(WHAT TO WORK ON)
Could you give back exactly the lines below from the one with "a bedroom with" through the one with "Great Britain celebrate", without a single picture?

(DATA EXTRACTS)
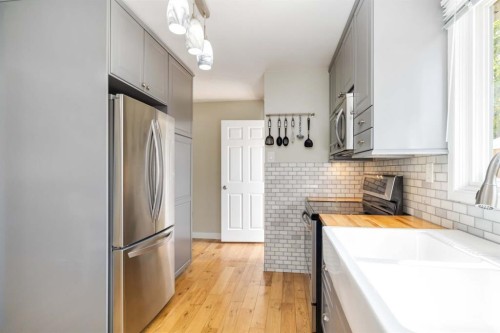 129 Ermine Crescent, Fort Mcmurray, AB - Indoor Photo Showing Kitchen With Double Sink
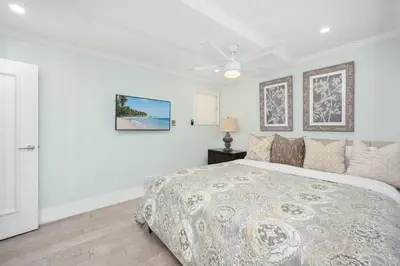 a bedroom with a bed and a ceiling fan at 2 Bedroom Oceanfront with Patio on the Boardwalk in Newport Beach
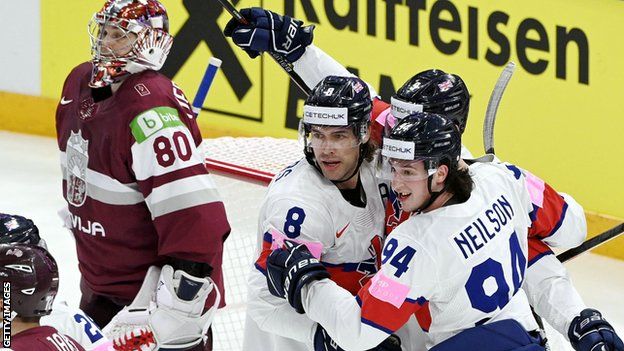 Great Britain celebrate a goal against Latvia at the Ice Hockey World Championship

...

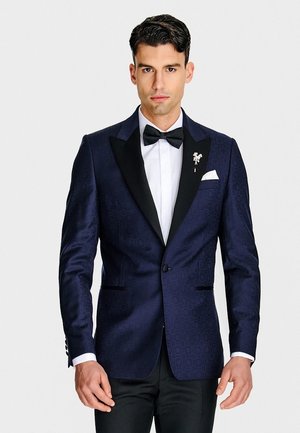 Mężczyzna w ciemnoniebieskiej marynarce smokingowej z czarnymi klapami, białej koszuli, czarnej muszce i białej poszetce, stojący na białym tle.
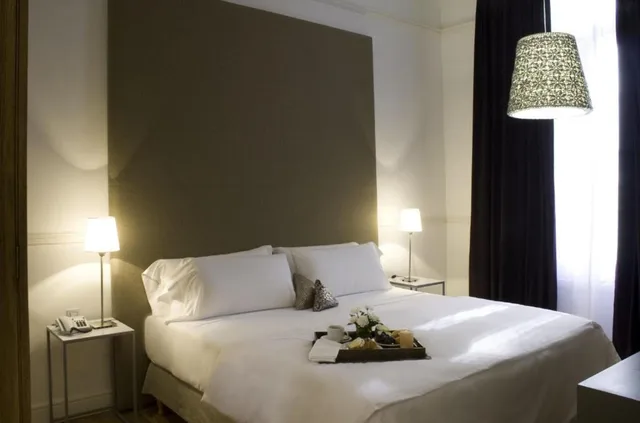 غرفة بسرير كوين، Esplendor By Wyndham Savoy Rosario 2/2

(OUTPUT OF THE TASK)
 a bedroom with a bed and a ceiling fan at 2 Bedroom Oceanfront with Patio on the Boardwalk in Newport Beach
 Great Britain celebrate a goal against Latvia at the Ice Hockey World Championship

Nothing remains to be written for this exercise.